Justin Chen, Lily Chung, John Kuszmaul
CSAIL, EECS

Generalization measures (GMs) are a central tool for providing performance guarantees and informing algorithmic design. Yet, most such bounds are known to be loose (or even vacuous) in practise. In a series of works [1, 2], we focus on GMs in the overparametrized supervised learning setting, where we show that this looseness is unavoidable due to fundamental lower bounds. Notably, these lower bounds hold on average over finite collections of distributions, and with numerically appreciable values.

For GMs that are computed solely from the training sample but depend on neither the algorithm nor distribution, we show non-tightness across a large fraction of (algorithm, distribution) combinations.
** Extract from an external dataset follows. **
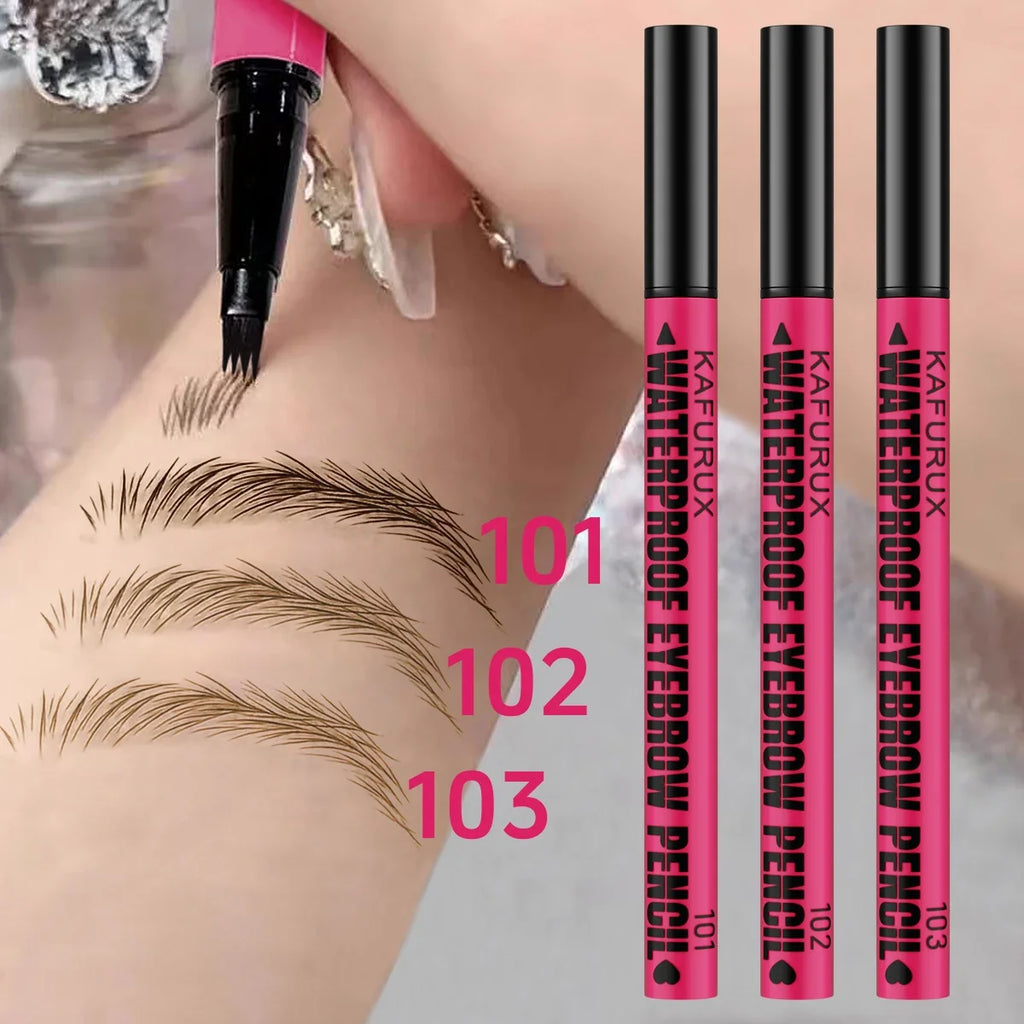 Waterproof 4-Tip Brow Pen – Natural Hair-Stroke Eyebrow Pencil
For GMs that can also depend on the algorithm, we show that there can be a trade-off between the algorithm’s ability to learn and the ability to verify the algorithm’s learning success with a GM.

Next, we study algorithm-dependent GMs for algorithms that admit a natural notion of algorithmic implicit bias. There, non-tightness of GMs provably occurs whenever the underlying distribution class is rich enough, which is the case for example when learning VC-classes.

Lastly, we show that a certain notion of algorithmic stability is sufficient for the existence of tight GMs.

Joint work with Ido Nachum (University of Haifa), Jonathan Shafer (MIT), and Michael Gastpar (EPFL).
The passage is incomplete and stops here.